- **Problem**
Set out exactly, line by line, the stretch of data below that begins at the line containing "NASA Bagikan Potret" and ends at the line containing "Опрыскиватель аккумуляторный 10", with both ends kept.

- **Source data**
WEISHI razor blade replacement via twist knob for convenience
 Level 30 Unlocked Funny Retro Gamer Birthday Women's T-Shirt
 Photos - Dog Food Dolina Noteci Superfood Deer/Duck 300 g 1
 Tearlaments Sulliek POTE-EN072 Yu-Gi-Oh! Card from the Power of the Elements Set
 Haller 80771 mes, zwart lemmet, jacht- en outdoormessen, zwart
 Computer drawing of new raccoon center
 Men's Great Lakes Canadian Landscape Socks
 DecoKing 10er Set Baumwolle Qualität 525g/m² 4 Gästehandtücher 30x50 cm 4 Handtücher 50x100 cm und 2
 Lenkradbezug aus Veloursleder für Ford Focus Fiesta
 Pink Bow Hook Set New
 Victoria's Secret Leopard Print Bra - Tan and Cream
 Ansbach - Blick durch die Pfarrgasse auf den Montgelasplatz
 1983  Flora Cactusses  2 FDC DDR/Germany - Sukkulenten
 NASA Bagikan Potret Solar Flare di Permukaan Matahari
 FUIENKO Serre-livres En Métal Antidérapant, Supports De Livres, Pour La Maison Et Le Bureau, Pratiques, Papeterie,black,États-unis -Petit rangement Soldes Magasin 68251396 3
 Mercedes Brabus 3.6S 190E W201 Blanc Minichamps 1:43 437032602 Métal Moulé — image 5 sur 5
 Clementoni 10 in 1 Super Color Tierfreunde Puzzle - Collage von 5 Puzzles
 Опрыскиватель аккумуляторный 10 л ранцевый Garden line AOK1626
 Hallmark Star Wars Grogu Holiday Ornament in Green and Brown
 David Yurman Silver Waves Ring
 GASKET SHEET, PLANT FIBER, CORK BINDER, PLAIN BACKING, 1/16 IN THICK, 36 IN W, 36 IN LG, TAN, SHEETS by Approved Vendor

- **Written solution**
 NASA Bagikan Potret Solar Flare di Permukaan Matahari
 FUIENKO Serre-livres En Métal Antidérapant, Supports De Livres, Pour La Maison Et Le Bureau, Pratiques, Papeterie,black,États-unis -Petit rangement Soldes Magasin 68251396 3
 Mercedes Brabus 3.6S 190E W201 Blanc Minichamps 1:43 437032602 Métal Moulé — image 5 sur 5
 Clementoni 10 in 1 Super Color Tierfreunde Puzzle - Collage von 5 Puzzles
 Опрыскиватель аккумуляторный 10 л ранцевый Garden line AOK1626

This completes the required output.